The Bach for Everyone Festival will be held again this year: from March 16, the music of the composer's genius will be played at one hundred and fifty free concerts in sixty towns of the Carpathian Basin.

"Due to the epidemic, the concerts of the Bach for Everyone Festival took place mostly online in the last two years, and they still reached 200,000 people in 2021. This year, we can be the first major festival that takes place in front of a live audience," said László Zalán Kovács, tuba artist and festival director, at the press conference held at the Erkel Theater on Tuesday.

The festival runs until the end of the year, the main period lasts until March 31. At the opening concert on March 16, the students of the Béla Bartók Faculty of Music of the University of Miskolc will play, on the 20th there will be an open-air choral singing in the Buda Castle, here Ádám Medveczky conducts the National Choir, accompanied by the Szolnok Air Force Band.

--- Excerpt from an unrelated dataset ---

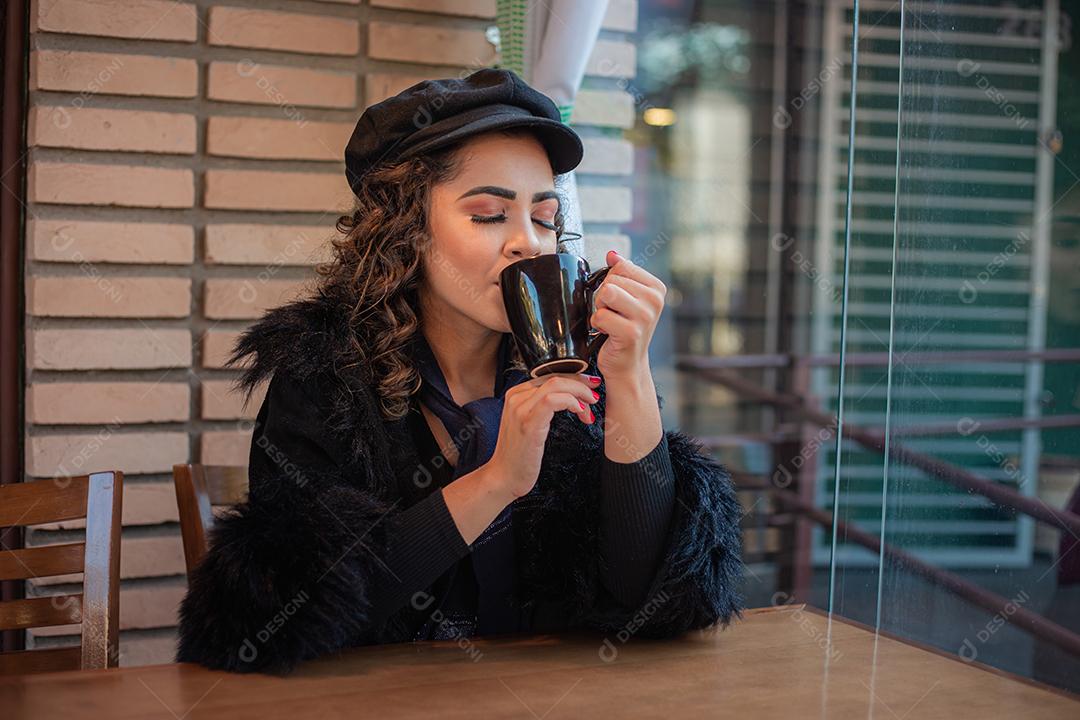 Mulher Afro bebendo café na Padaria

On March 21, Bach's 337th birthday, there will be a concert at the ORFK Police Administration Center, on the 27th at the Esterházy Castle in Tata, and on the 29th at the Gödöllő Royal Castle. The MOMKult, the House of Traditions, and the Millennium House will be the locations in the capital, while the Pannonhalm and Tihany abbeys or the Reformed church in Debrecen will be in the countryside.

One third of the programs will be in settlements across the border, including Kassa, Komárom, Nagyvárad, Kézdivásárhely, but there will also be concerts in Serbia, Croatia, Slovenia and Austria . Our organized Transcarpathian programs had to be canceled due to the war, but we will replace them as soon as possible. This year, employees of the Hungarian Children's Rescue Foundation are collecting for charity at the festival locations, but donations can also be made on the festival's website. "Helping children is now particularly important from the point of view of the families who came here from Ukraine before the war," emphasized the festival director.

Among the performers will be, among others, Ádám Medveczky, Endre Hegedűs, Katalin Pitti, Ditta Rohmann, the choir and orchestra of the Hungarian State Opera House, the National Choir, the Budapest Festival Orchestra, the Óbuda Danubia Orchestra, the MÁV Symphony Orchestra, the chamber ensembles of the Savaria Symphony Orchestra. As mentioned, the festival will feature both baroque wind instruments and modern instruments, in Aszód you can dress up a two-meter Bach puppet, in Szolnok there will be a literary performance, and in Miskolc there will be a musical costume theater.